─── RECORDED DATA
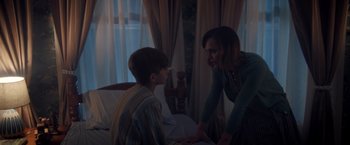 Movie still from “Monstrous” (2022), directed by Chris Sivertson – A woman and a boy are talking in a room; Medium shot, Over the shoulder angle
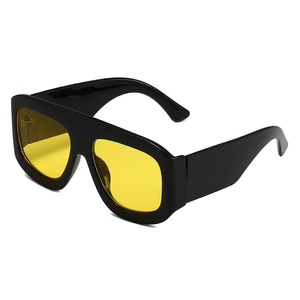 Classic large square black sunglasses with vibrant yellow lenses in a 45-degree angle view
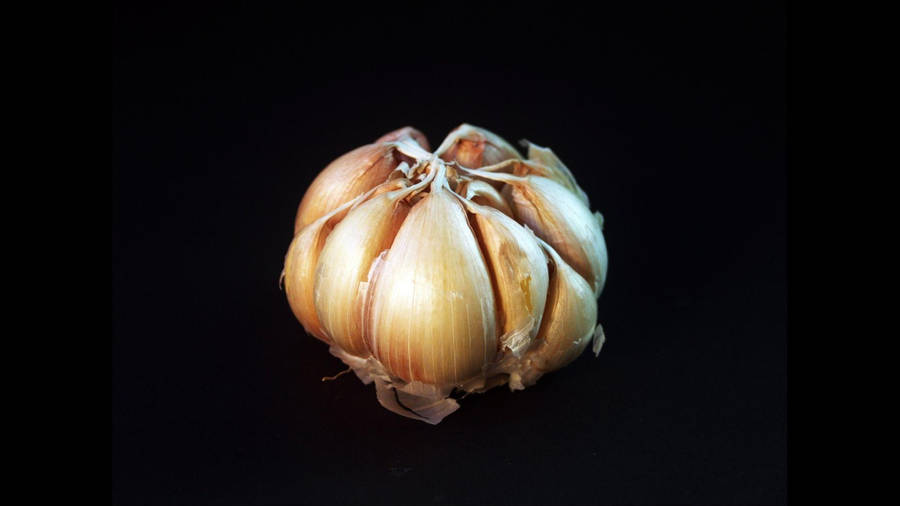 Fresh Garlic Cloves On A Dark Background Wallpaper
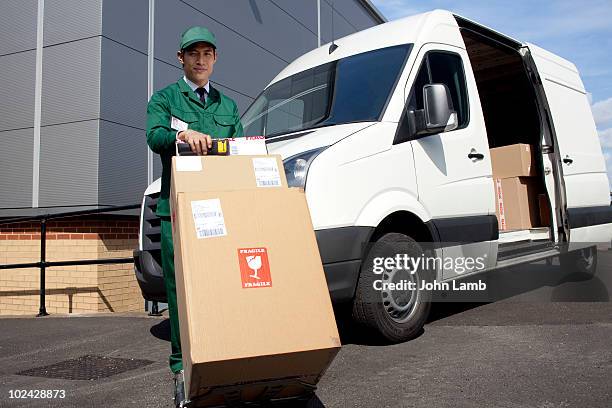 delivery man and van - mini van stock pictures, royalty-free photos & images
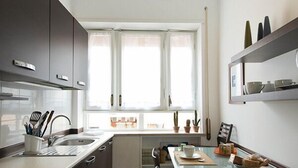 A modern kitchen with dark cabinets, a white countertop, and a yellow ceiling. There is a window with white curtains, a dining table with chairs, and a hanging light fixture. - Minerva B&B (Rome)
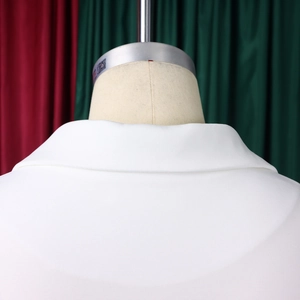 Détail de la robe blanche élégante montrant le revers classique et le tissu texturé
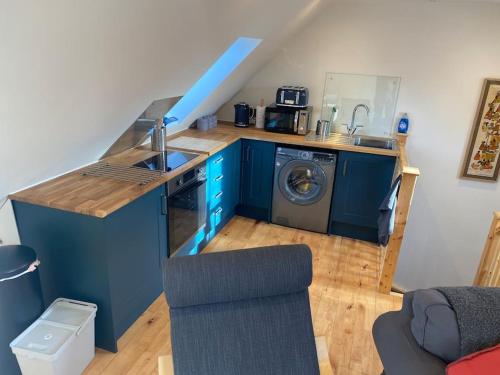a kitchen with blue cabinets and a washing machine at The Cartlodge in Debenham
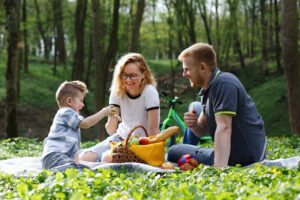 mom-dad-little-boy-taste-apples-sitting-grass-during-picnic-park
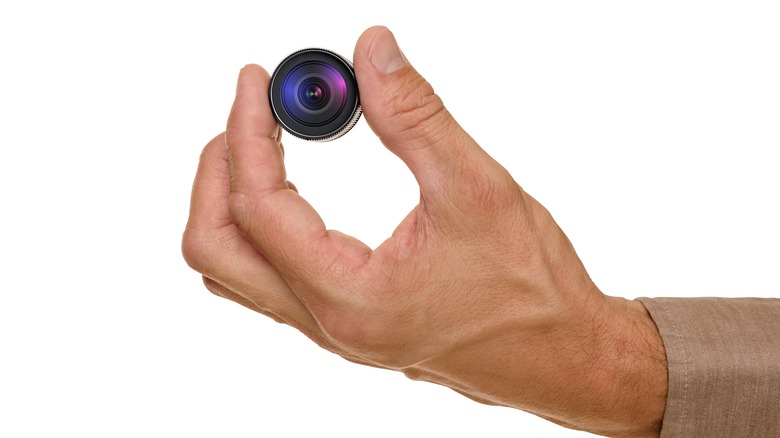 Hand holding a small camera lens
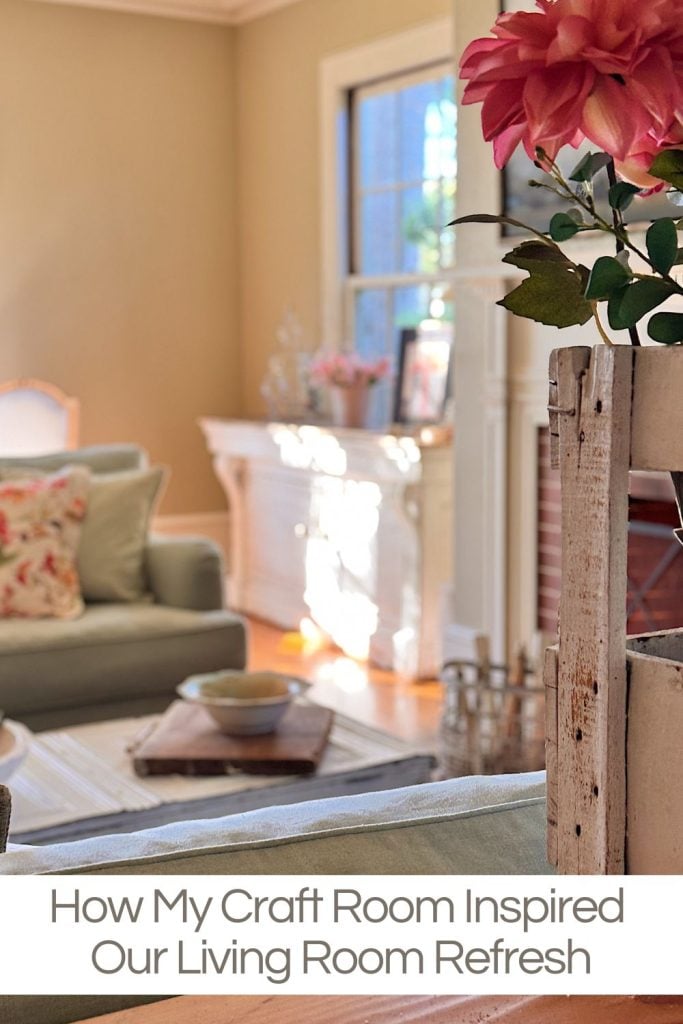 A bright living room with pastel furnishings, floral accents, and sunlight streaming through a window; text reads, "How My Craft Room Inspired Our Living Room Refresh.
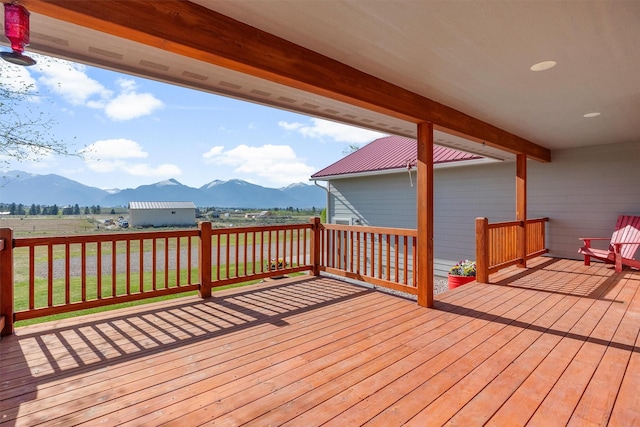 999 Websters Way, Stevensville, MT 59870 - wooden deck featuring a mountain view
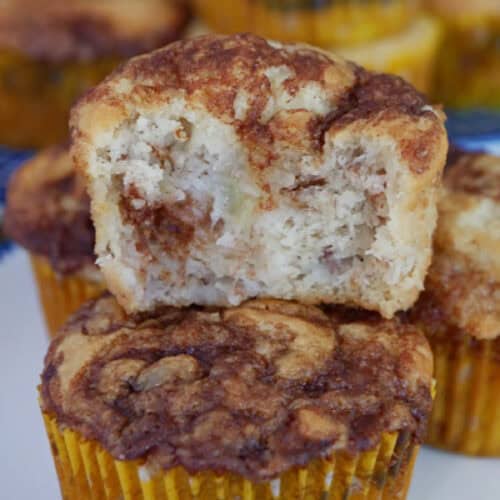 A few banana muffins on a white round plate with blue trim with one muffin on top of another, and a bite taken out of it.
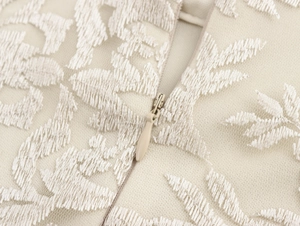 Dettaglio del ricamo in pizzo beige e cerniera invisibile su abito lungo elegante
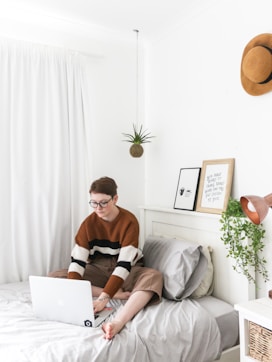 man in brown sweater sitting on bed using laptop computer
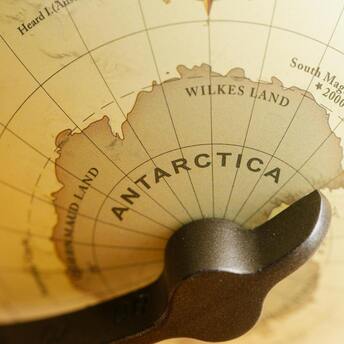 Close-up of Antarctica on a globe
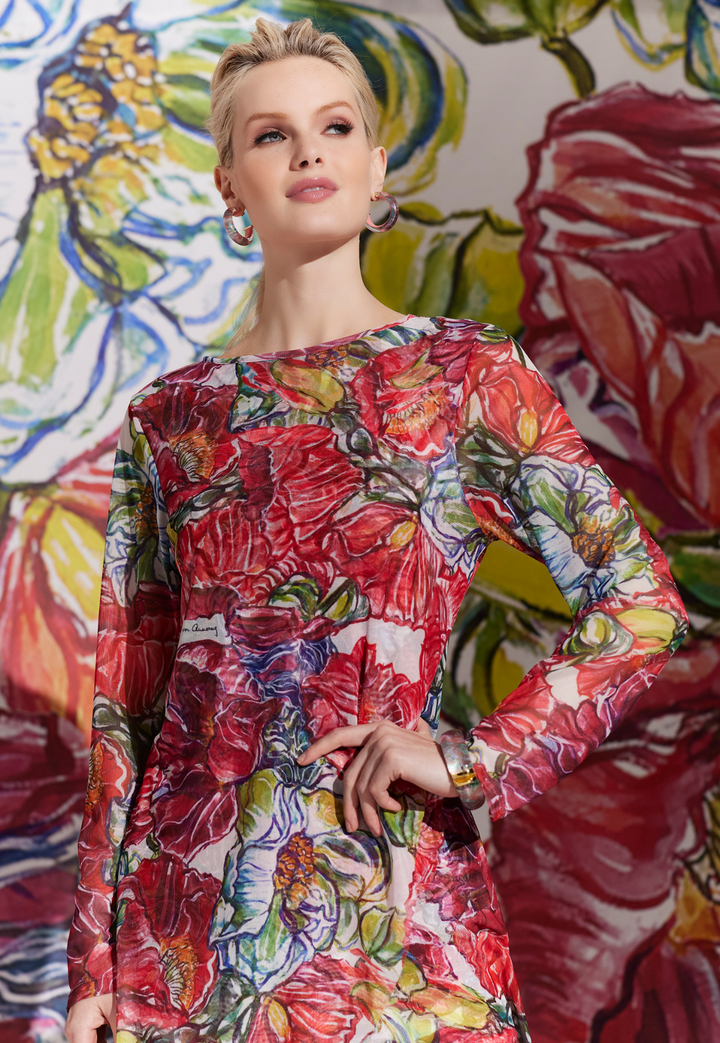 Woman wearing sheer mesh top over a stetch knit tank top in a matching print by designer Ala von Auersperg for womens luxury travel clothing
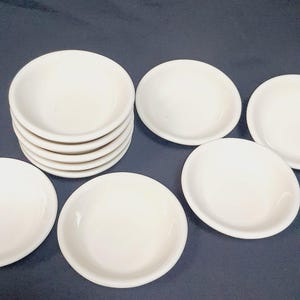 May include: A collection of small, off-white ceramic dishes. Some are stacked, while others are arranged around the stack. The dishes have a simple, round design with slightly raised edges. They are set against a dark background.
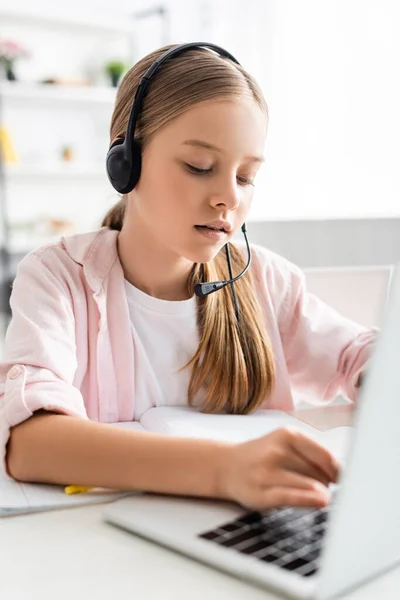 Selective focus of cute child in headset typing on laptop near notebook on table — Stock Photo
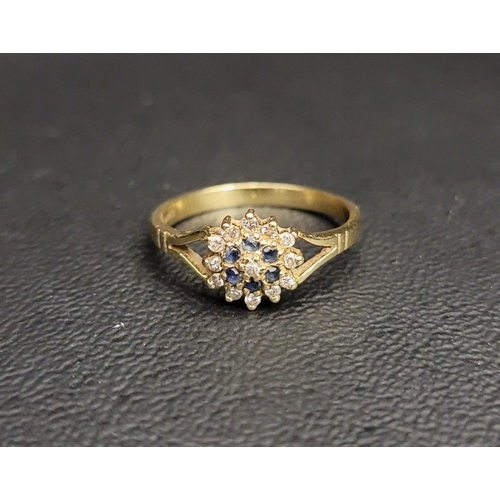 53 - DIAMOND AND SAPPHIRE CLUSTER RING
the central diamond in sapphire and outer diamond surround, on eig... 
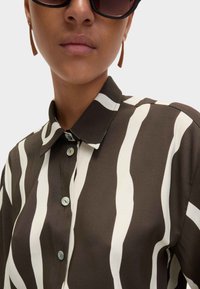 Camicia a righe marrone e crema con colletto, dotata di bottoni blu rotondi e una trama di tessuto liscia.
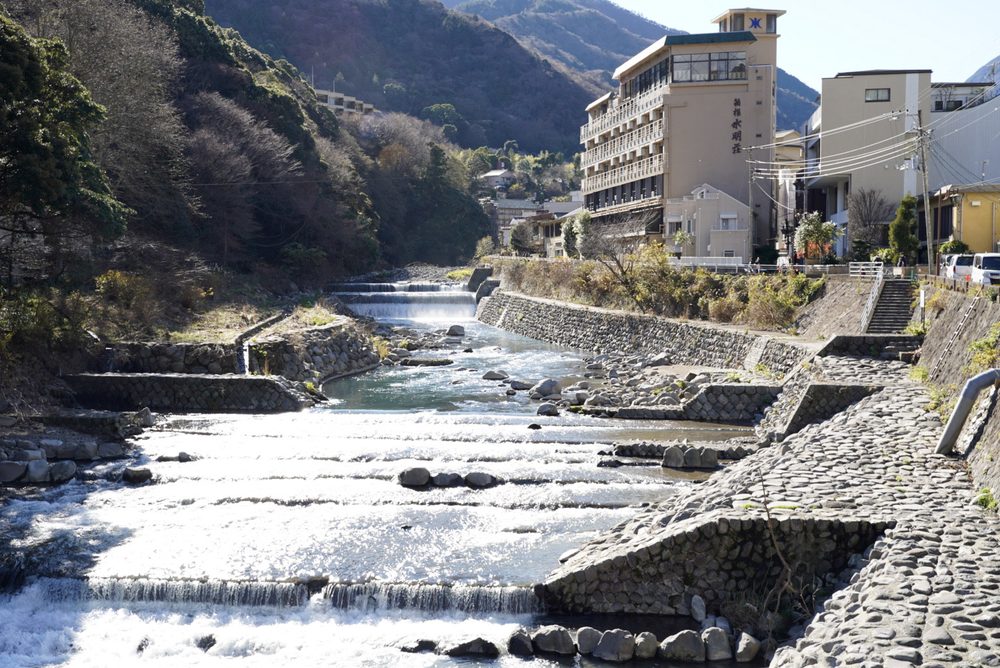 A clear mountain river tumbling over low stone weirs beside a hot-spring hotel and wooded hills in Hakone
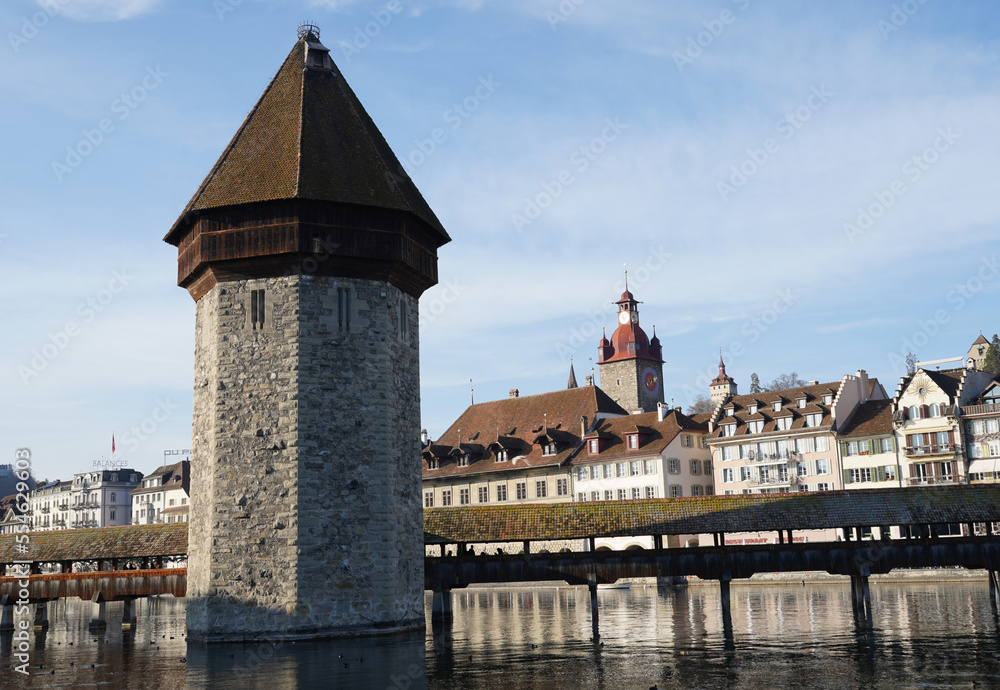 Water Tower and Chapel Bridge over river Reuss in Lucerne in Switzerland. Behind are historical buildings and a landmark of the city attracting tourists. 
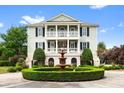 Attractive two-story home featuring a beautiful fountain surrounded by manicured landscaping at 2636 Anchor Watch Dr, Wadmalaw Island, SC 29487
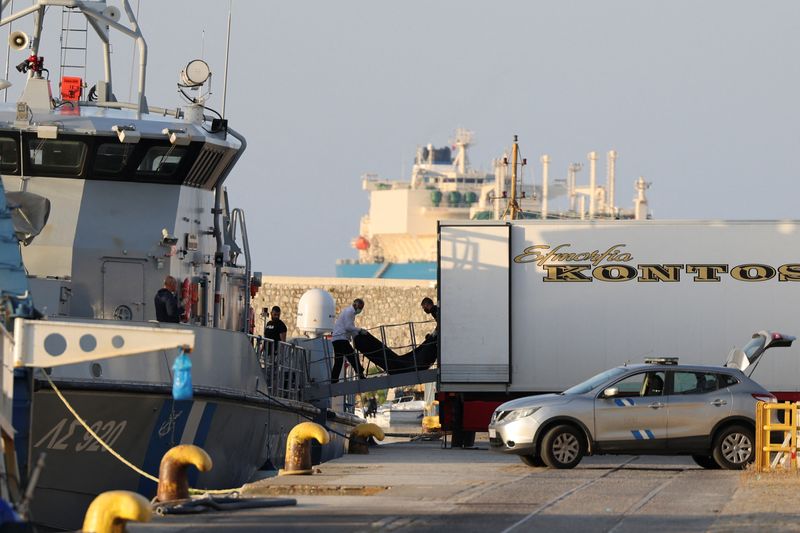 &copy; Reuters. رجال ينقلون أكياس جثث مهاجرين ماتوا بعد غرق قاربهم في عرض البحر قبالة اليونان في ميناء كالاماتا يوم الخميس. تصوير: ستيليوس ميسيناس - رويترز.
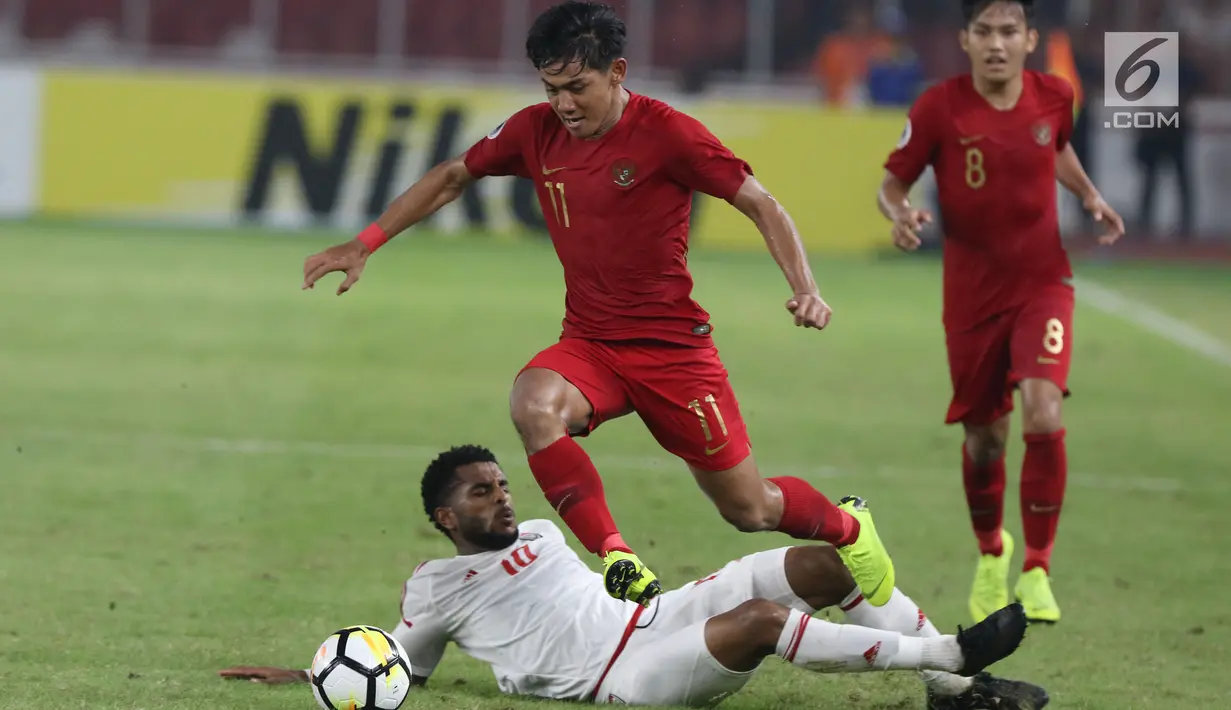 Bek timnas Indonesia -19, Firza Andika melompat menghindari tekel pemain Uni Emirat Arab U-19, Tahnoon Hamdan pada penyisihan Grup A Piala AFC U-19 2018 di Stadion GBK, Jakarta, Rabu (24/10). Indonesia unggul 1-0. (Liputan6.com/Helmi Fithriansyah)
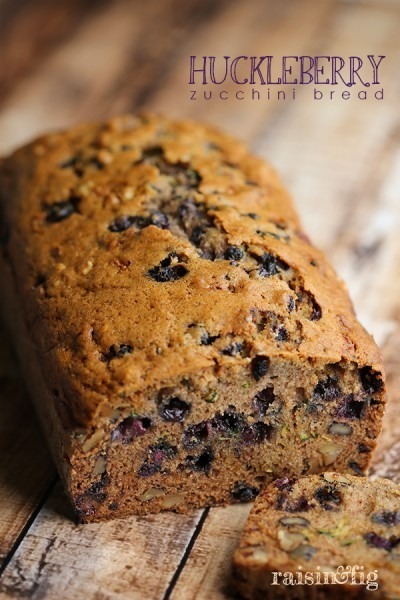 Freshly baked blueberry bread loaf with a golden crust.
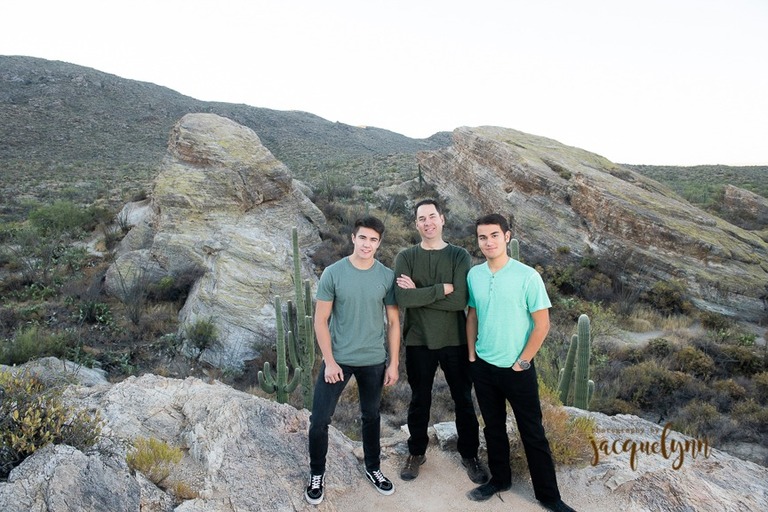 two teenage boys standing on a rock with their father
──────
Pictures excluded, repeat the material above from its first line through the line containing "A clear mountain", both included.

 Movie still from “Monstrous” (2022), directed by Chris Sivertson – A woman and a boy are talking in a room; Medium shot, Over the shoulder angle
 Classic large square black sunglasses with vibrant yellow lenses in a 45-degree angle view
 Fresh Garlic Cloves On A Dark Background Wallpaper
 delivery man and van - mini van stock pictures, royalty-free photos & images
 A modern kitchen with dark cabinets, a white countertop, and a yellow ceiling. There is a window with white curtains, a dining table with chairs, and a hanging light fixture. - Minerva B&B (Rome)
 Détail de la robe blanche élégante montrant le revers classique et le tissu texturé
a kitchen with blue cabinets and a washing machine at The Cartlodge in Debenham
 mom-dad-little-boy-taste-apples-sitting-grass-during-picnic-park
 Hand holding a small camera lens
 A bright living room with pastel furnishings, floral accents, and sunlight streaming through a window; text reads, "How My Craft Room Inspired Our Living Room Refresh.
 999 Websters Way, Stevensville, MT 59870 - wooden deck featuring a mountain view
 A few banana muffins on a white round plate with blue trim with one muffin on top of another, and a bite taken out of it.
 Dettaglio del ricamo in pizzo beige e cerniera invisibile su abito lungo elegante
 man in brown sweater sitting on bed using laptop computer
 Close-up of Antarctica on a globe
 Woman wearing sheer mesh top over a stetch knit tank top in a matching print by designer Ala von Auersperg for womens luxury travel clothing
 May include: A collection of small, off-white ceramic dishes. Some are stacked, while others are arranged around the stack. The dishes have a simple, round design with slightly raised edges. They are set against a dark background.
 Selective focus of cute child in headset typing on laptop near notebook on table — Stock Photo
 53 - DIAMOND AND SAPPHIRE CLUSTER RING
the central diamond in sapphire and outer diamond surround, on eig... 
 Camicia a righe marrone e crema con colletto, dotata di bottoni blu rotondi e una trama di tessuto liscia.
 A clear mountain river tumbling over low stone weirs beside a hot-spring hotel and wooded hills in Hakone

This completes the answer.